__What is required__:
The listing is to be reproduced exactly, excluding its pictures.

__Information provided__:
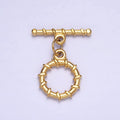 18K Gold plated Geometric Tie Toggle Clasps in Gold & Silver | Z-299 Z-300 - DLUXCA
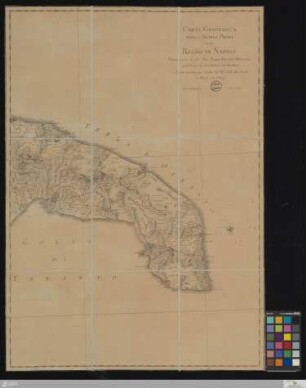 Carta Geografica Della Sicilia Prima o sia Regno Di Napoli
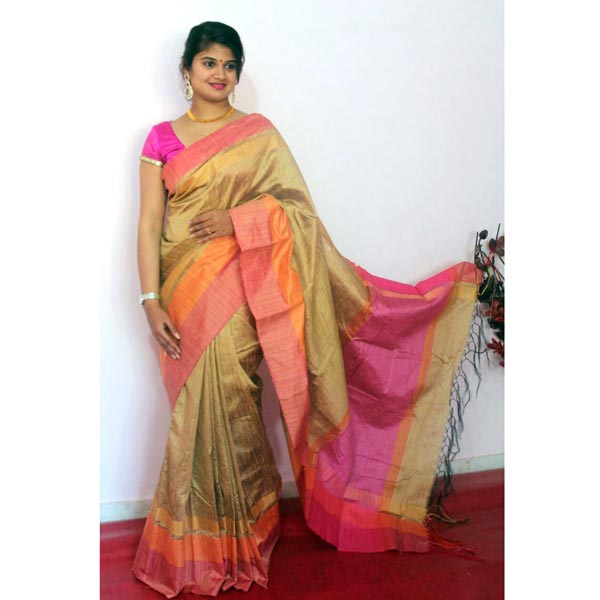 Khadi Silk Saree Indian Women Accessories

__Answer to this problem__:
 18K Gold plated Geometric Tie Toggle Clasps in Gold & Silver | Z-299 Z-300 - DLUXCA
 Carta Geografica Della Sicilia Prima o sia Regno Di Napoli
 Khadi Silk Saree Indian Women Accessories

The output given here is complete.